Es ist aktuell wieder einmal deutlich geworden, dass die viel gepriesene und von allen Agenturen beschworene Pax Americana global gesehen als eine durch keinerlei Unterbrechung verunstaltete Kriegsarchitektur daherkommt.

Wenn es ein jüngeres Musikalbum gibt, das aufgrund von Stimmung wie Thematik zu jedem dieser Tage passt, dann sind es Michael Wollnys Nachtfahrten. Da werden Sphären eingefangen, die im fahlen Licht ewiger Nacht aufscheinen und die Trauer, die das Dasein prägt, in verschiedenen Varianten aufbieten. Meine Bitte: Hören Sie sich diese großartige Musik an, und Sie wissen, was ich meine.

Mit ihr im Ohr wird vieles von dem, was viele von uns nur noch als Wahnsinn deklarieren können, zumindest deutlicher, wenn auch nicht verständlich.

Um das Thema, um das es geht, anzusprechen. Es ist aktuell wieder einmal deutlich geworden, dass die viel gepriesene und von allen Agenturen beschworene Pax Americana global gesehen als eine durch keinerlei Unterbrechung verunstaltete Kriegsarchitektur daherkommt.

Nicht, dass eine andere, von einem einzelnen Staat gestaltete Architektur besser daherkäme! Imperien gestalten die Welt nach ihren Interessen und nach nichts sonst. Das war historisch bei allen Reichen so, und das ist beim US-amerikanischen Jahrhundert nicht anders. Die Frage, wie viel Liberalität sich ein Imperium gegenüber den eingegliederten Staaten erlauben kann, hängt von seiner strategischen Stärke ab.
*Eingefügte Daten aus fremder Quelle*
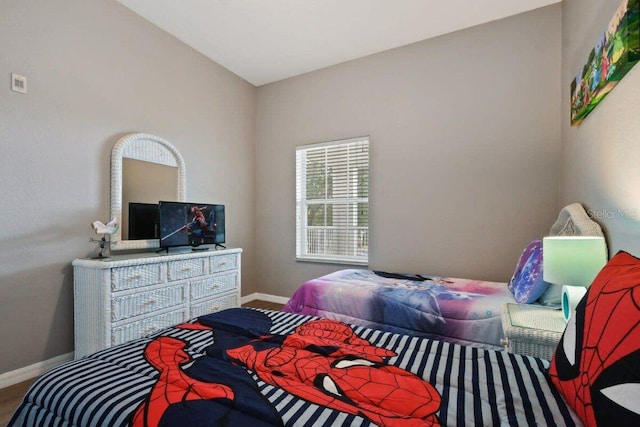 bedroom featuring lofted ceiling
Und das, was sich derzeit zeigt, deutet auf eine zunehmende Schwächung hin.

Da ist es dann schnell aus mit der Liberalität, da wird die bedingungslose Gefolgschaft eingefordert. Und das auch gegen die vermeintlich eigenen Interessen. Auch das war immer so und ist keine typisch amerikanische Erscheinung.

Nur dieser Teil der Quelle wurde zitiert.